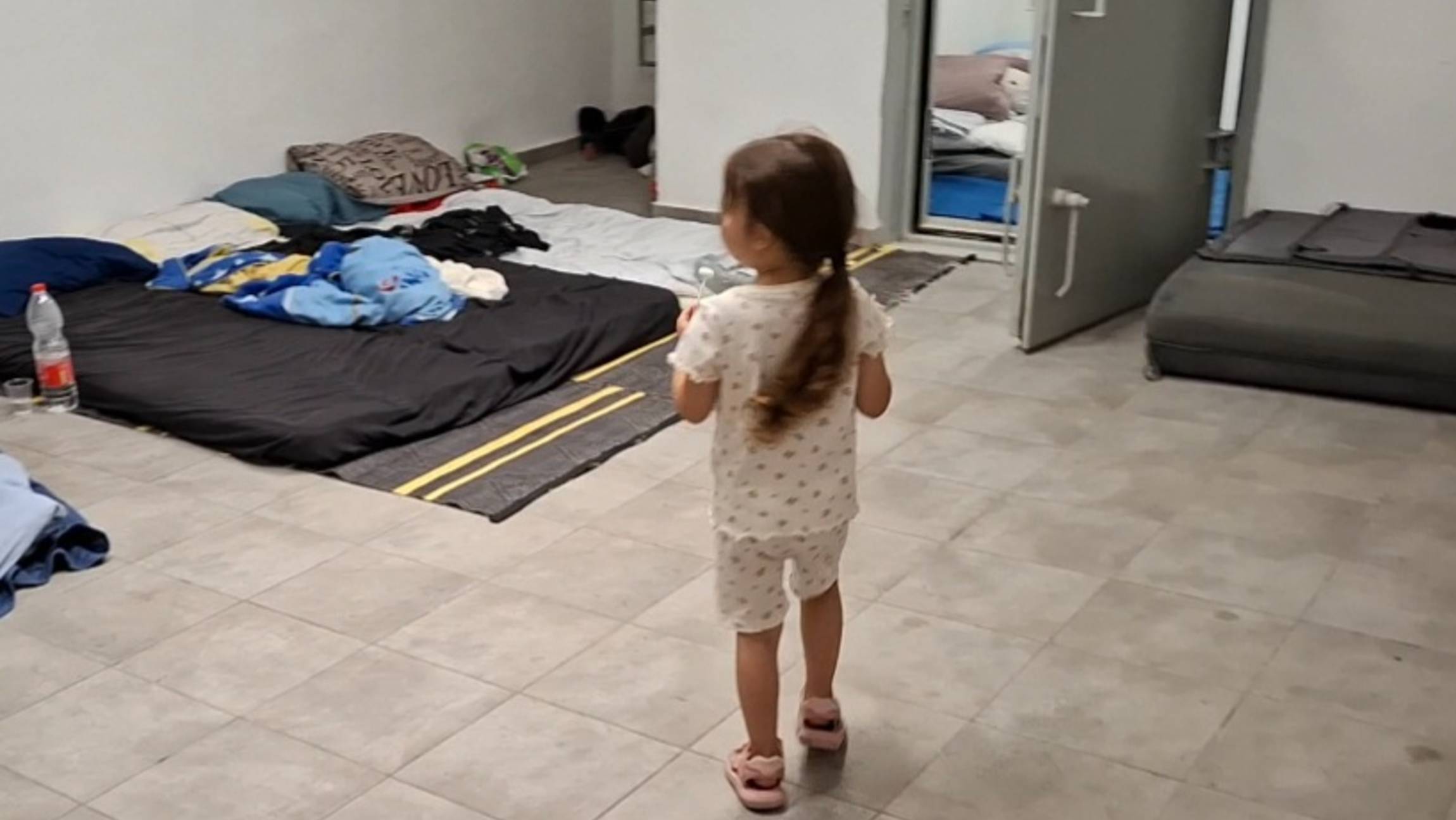 В Израиле люди спят в подземных бомбоубежищах. Война Израиля и Ирана. смотреть онлайн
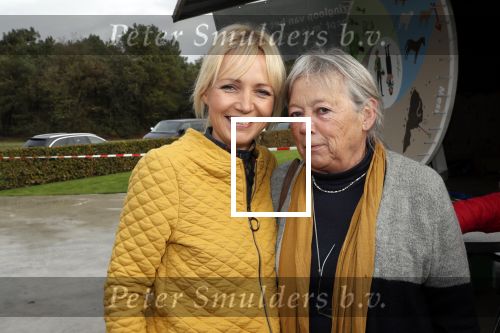 Boekel 19 oktober 2019
Meerdere boeren van boer zoekt vrouw stan op een mini markt in de stallen van Boerin Steffi. Ook Yvon Jaspers kwam met haar moeder en tantes een kijkje nemen.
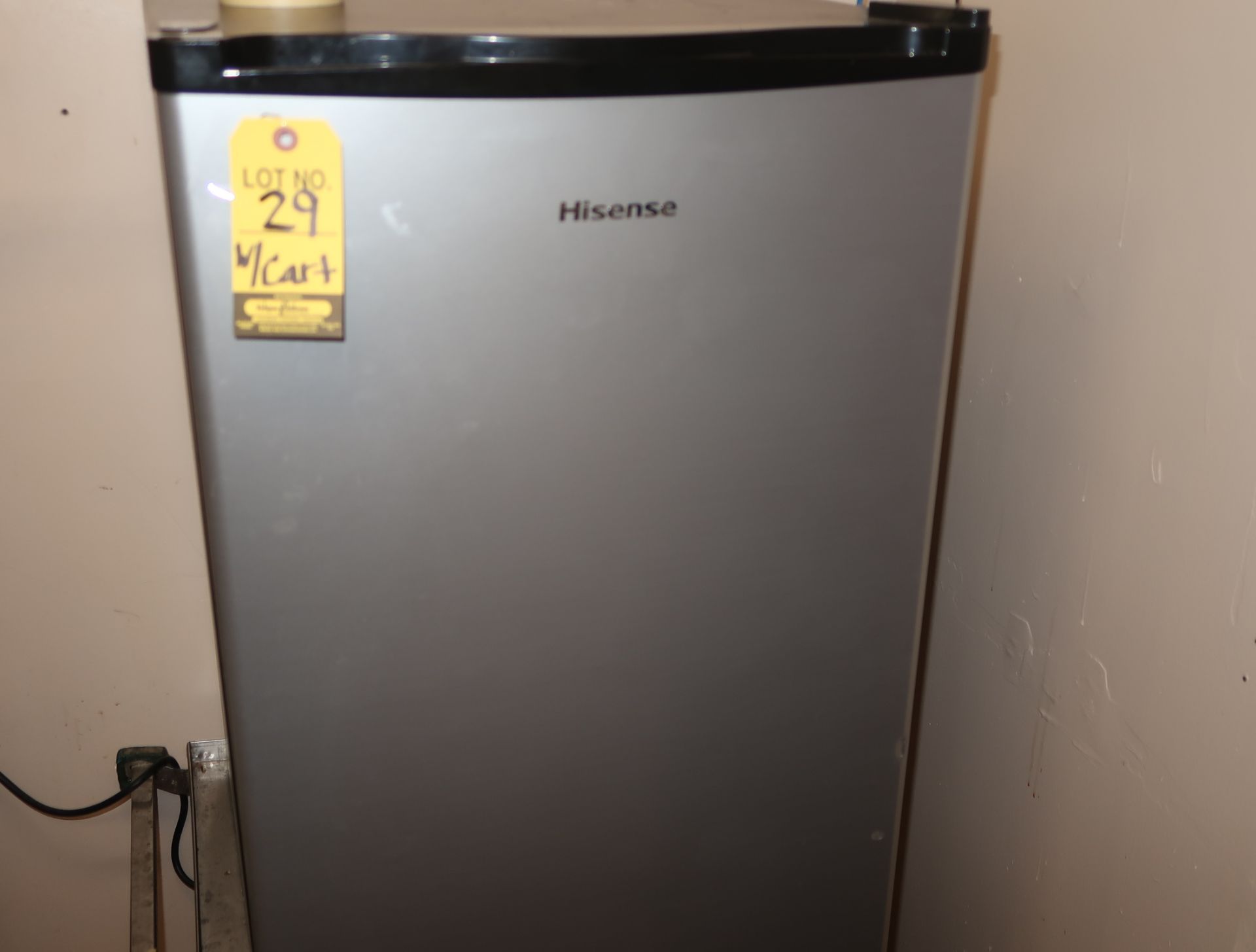 LOT HISENSE REFRIGERATOR & CART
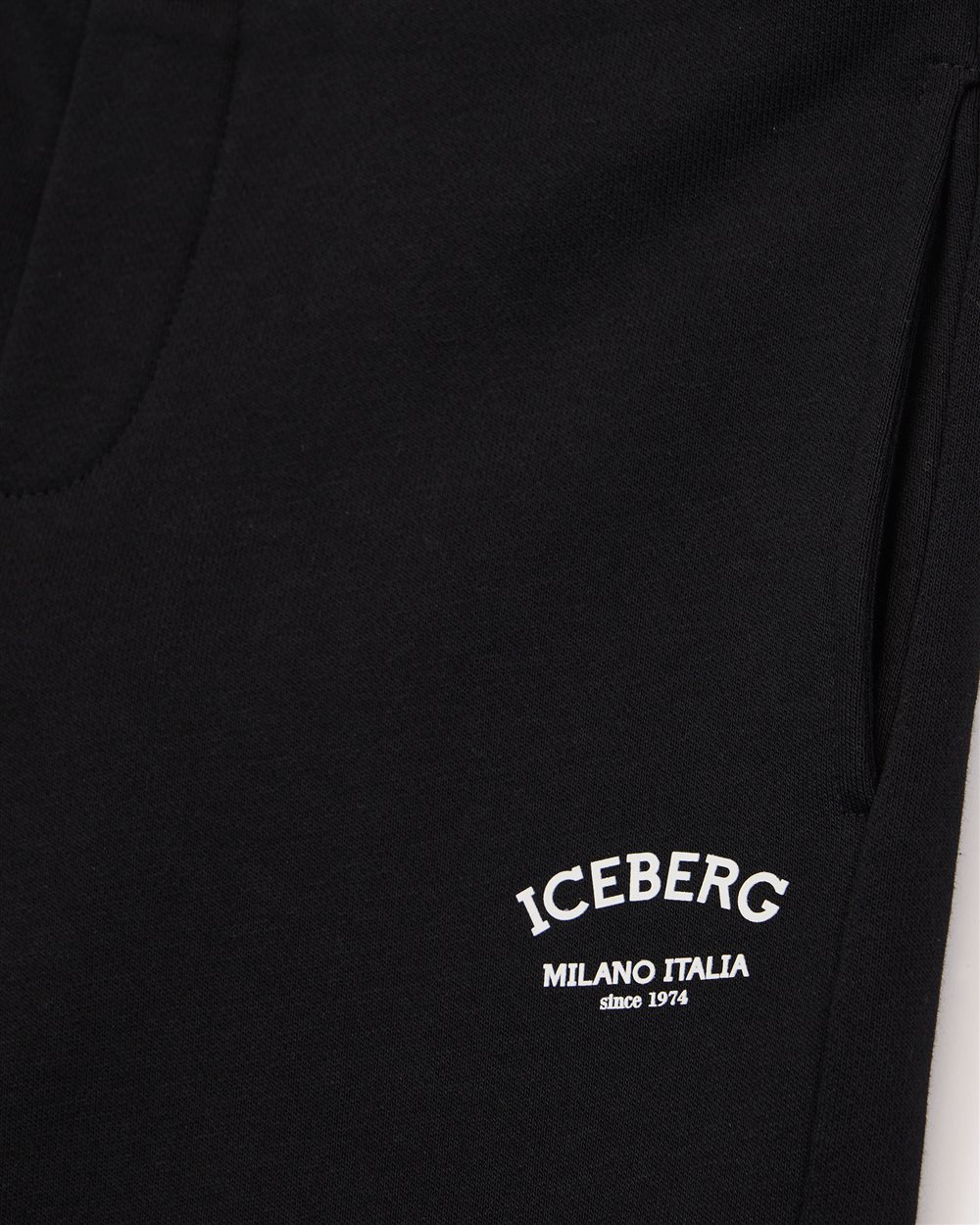 Black fleece jogger with institutional Iceberg logo on the left side - Iceberg - Official Website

--- Task statement ---
Word for word, print out all of the records above; pass over the pictures.

--- Response to the task ---
 В Израиле люди спят в подземных бомбоубежищах. Война Израиля и Ирана. смотреть онлайн
 Boekel 19 oktober 2019
Meerdere boeren van boer zoekt vrouw stan op een mini markt in de stallen van Boerin Steffi. Ook Yvon Jaspers kwam met haar moeder en tantes een kijkje nemen.
 LOT HISENSE REFRIGERATOR & CART
 Black fleece jogger with institutional Iceberg logo on the left side - Iceberg - Official Website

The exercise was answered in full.